Holi is around the corner and that means garam (hot) Bhajiyas and chutneys with masala chai! These mixed Vegetable Pakora (bhajiya) are loaded with vegetables like broccoli, cauliflower, carrots, potato, onions and cilantro. The veggies are processed for a few seconds until grated, then tossed in chickpea flour, spices and baked. The pakoras are crisp and delicious and can be served with any green chutneys, tamarind date chutney or sauces of choice. They come together within minutes and then it is just a wait for the oven to beep. Make these simple Veggie and chickpea flour fritters! Serve as is or fill up tacos or wraps, or over a salad with creamy or sweet dressing of choice, or use as koftas in a creamy makhani sauce.
I make these with chickpea flour and have not tried them with besan (gram flour – see differences on point 4 on this post here). If you make these with besan, use as less water as possible, and do report back with any adjustments if they were needed or if the pakoras flattened or retained their shape.

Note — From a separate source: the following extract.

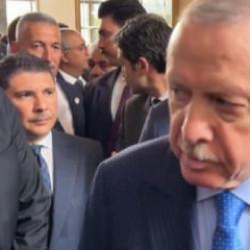 'Evlenecek birini bulamadım' diyen muhabire Erdoğan'dan dikkat &ccedil;eken yanıt!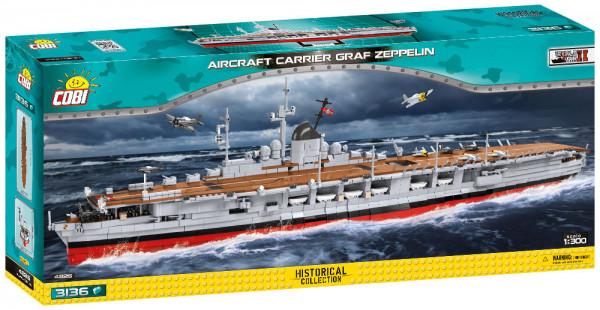 Cobi 4826 Flugzeugträger Graf Zeppelin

More veggie snacks and savory Holi recipes from the blog
- Zucchini Carrot Chickpea Fritters
- Baked Broccoli Pakora
- Apple Fritters
- Veggies in spiced chickpea flour sauce. – Sindhi Kadhi
- Baked Dal Samosa.
Shred/grate the veggies in a processor and mix in a bowl.

Add salt, spices, chickpea flour and mix in. Let it sit for a few minutes and then mix in oil and water if needed.

Drop scoops of the mixture on parchment lined baking sheet. Spray oil on top.

Bake until golden brown. Cool and serve with chutneys or sauces of choice.

The pakoras are great for breakfast, as appetizers, or use to fill up tacos or wraps, or over a salad with creamy dressing or sweet dressing of choice.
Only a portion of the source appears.